Medibank Private’s premium rises have frequently been lower than the industry average. We're talking about a highly efficient and competitive company with low overheads, recognised within the industry for their effectiveness in managing of operating costs.
There is no advantage to any of Medibank’s policy holders from any 'smash and grab' privatisation – only the prospect of higher premiums.
In 2009, the Rudd Government converted Medibank Private into a fully commercialised business paying tax and dividends, ensuring it competes on equal terms with other profit-making major private health funds.
This underlines the fact that any claimed benefits in debt reduction from a sale would be largely cancelled out by the loss of dividends to the government.
The Coalition’s aim to secure the highest price would likely see Medibank broken up and sold off to its competitors – thereby reducing competition, not increasing it.
In other words, let the market rip.
The Opposition’s support for the so-called free market is at odds with their opposition to the Rudd Government’s proposal to means-test the Private Health Insurance Rebate.

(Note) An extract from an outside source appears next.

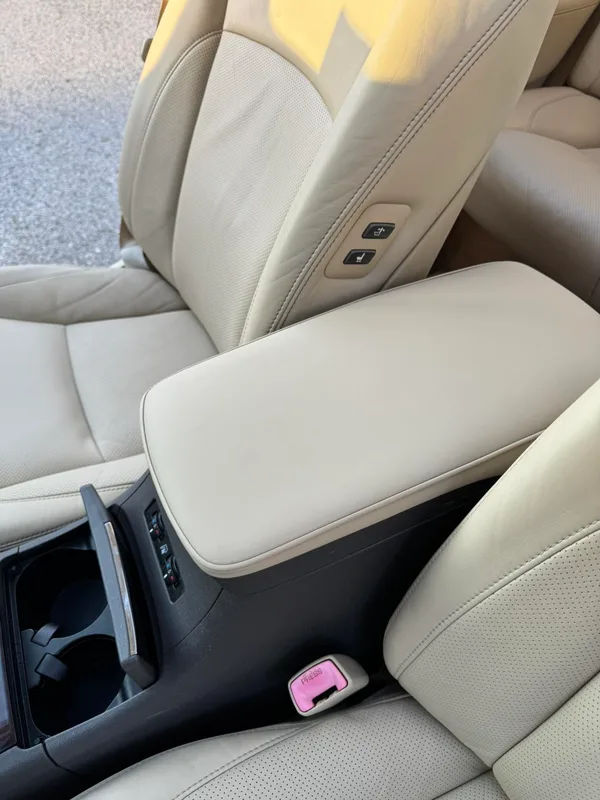 Lexus ES 2010 350 Luxury Edition interior photo 11 Lexus ES 2010 350 Luxury Edition interior photo 11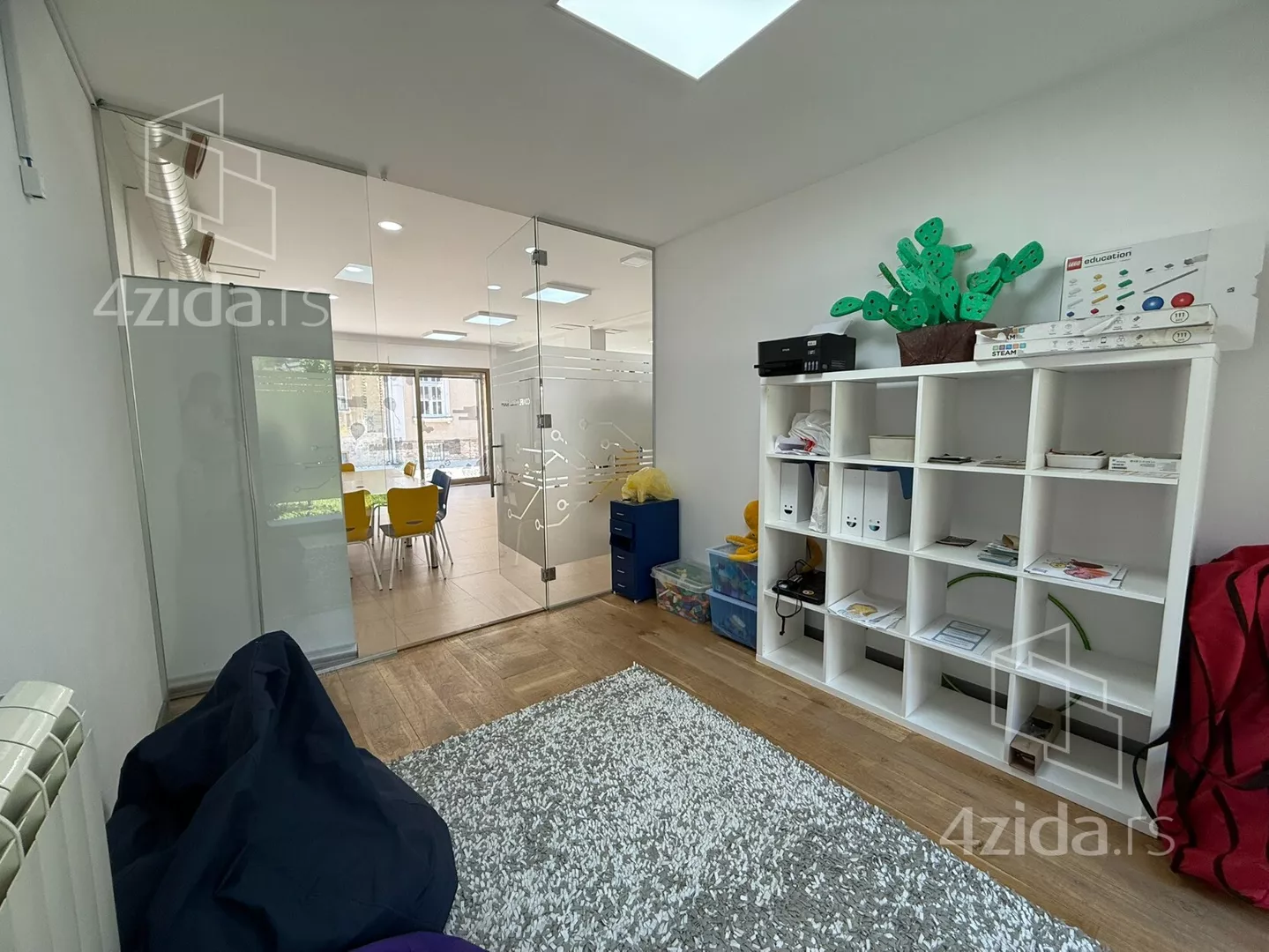 Lokal | 4zida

It doesn't make sense for Tony Abbott to argue that wealthy Australians should have their private health insurance premiums subsidised by all taxpayers while at same time supporting a policy that would see these very same premiums rise in a less competitive private health insurance industry.
If enacted, the Coalition policy to privatise Medibank Private would a poor result for our health system, private health insurance sector and ordinary Australians.